The following parameters are all parameters used in the standard trajectory next-location prediction dataset:

* `batch_size`: The training and evaluation batch size. Defaults to `64`.
* `cache_dataset`:  Whether to save the processed dataset. Defaults to `True`.
* `num_workers`:  Parameter of [Dataloader](https://pytorch.org/docs/stable/data.html?highlight=dataloader#torch.utils.data.DataLoader). Defaults to `0`.
* `train_rate`: The proportion of the training set to the total dataset.  Defaults to `0.7`. (The order of division is training set, validation set, test set)
* `eval_rate`: The proportion of the validation set. Defaults to `0.1`. 

* `min_session_len`: The min length of a trajectory cut from the user's check-in records. Defaults to `5`.
* `max_session_len`: The max length of a trajectory cut from the user's check-in records. Defaults to `50`.
* `min_sessions`: The min numbers of sub-trajectories which the user owns.  If the number of sub-trajectory owned by a user is less than this value, the user will be filtered out. Defaults to `2`.
* `min_checkins`: The min numbers of times the POI is visited. If the number of times is less than this value, the POI will be filtered out. Defaults to `3`.
* `window_size`: The size of the cut window. The Dataset will use this window to cut user's check-in records. Defauls to `12`.
* `cut_method` : How to use the window to cut users' check-in records. 
  * `time_interval`: Default method. If the time interval between two adjacent check-in records is less than the window size, they will be regarded as belonging to the same trajectory , otherwise they won't.
  * `same_date`: The dataset will treat the check-in records of the same day as a trajectory.
  * `fixed_length`: The dataset will cut the track according to a fixed length. That is, if the length of  current trajectory is equal to window_size, the next check-in record will be regarded as the starting point of the new trajectory.
* `traj_encoder`: The trajectory encoder class used by the dataset. Default to `StandardTrajectoryEncoder` . The encoder is responsible for encoding model input based on check-in records.

## Map Matching DataSet

The following parameters are all parameters used in the task of map matching:

* `delta_time`: if set to `True`, the dataset will calculate the time difference between the current time and the start time of the trajectory in seconds, otherwise the time will be given as `datetime`.

## ETA Dataset

The following parameters are all parameters used in the task of map matching:

* `batch_size`: The training and evaluation batch size. Defaults to `10`.

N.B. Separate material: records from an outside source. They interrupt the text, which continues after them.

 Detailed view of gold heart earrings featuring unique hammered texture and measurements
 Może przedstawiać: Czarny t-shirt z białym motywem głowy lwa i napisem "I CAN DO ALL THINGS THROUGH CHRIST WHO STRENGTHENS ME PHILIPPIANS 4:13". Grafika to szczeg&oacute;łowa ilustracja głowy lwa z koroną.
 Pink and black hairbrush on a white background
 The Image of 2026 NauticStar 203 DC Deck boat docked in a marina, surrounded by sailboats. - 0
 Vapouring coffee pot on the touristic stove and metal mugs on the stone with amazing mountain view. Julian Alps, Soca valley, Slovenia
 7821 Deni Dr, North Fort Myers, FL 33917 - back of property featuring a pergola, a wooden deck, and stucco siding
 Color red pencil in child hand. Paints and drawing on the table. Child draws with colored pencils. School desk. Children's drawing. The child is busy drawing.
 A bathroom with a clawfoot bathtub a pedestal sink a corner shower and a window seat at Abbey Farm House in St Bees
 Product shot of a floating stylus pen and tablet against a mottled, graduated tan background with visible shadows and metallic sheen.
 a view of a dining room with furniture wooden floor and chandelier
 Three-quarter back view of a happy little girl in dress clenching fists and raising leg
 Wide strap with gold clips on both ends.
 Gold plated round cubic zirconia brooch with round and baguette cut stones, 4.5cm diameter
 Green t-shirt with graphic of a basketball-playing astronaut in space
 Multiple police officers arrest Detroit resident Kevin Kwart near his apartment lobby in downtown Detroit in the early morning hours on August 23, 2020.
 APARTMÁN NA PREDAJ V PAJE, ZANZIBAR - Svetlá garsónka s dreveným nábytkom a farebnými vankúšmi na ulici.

* `cache_dataset`:  Whether to save the processed dataset. Defaults to `True`.
* `num_workers`:  Parameter of [Dataloader](https://pytorch.org/docs/stable/data.html?highlight=dataloader#torch.utils.data.DataLoader). Defaults to `0`.
* `train_rate`: The proportion of the training set to the total dataset.  Defaults to `0.7`. (The order of division is training set, validation set, test set)
* `eval_rate`: The proportion of the validation set. Defaults to `0.1`. 
* `eta_encoder`: The trajectory encoder class used by the dataset. No default parameters. Usually for different datasets, different trajectory encoder classes will be used.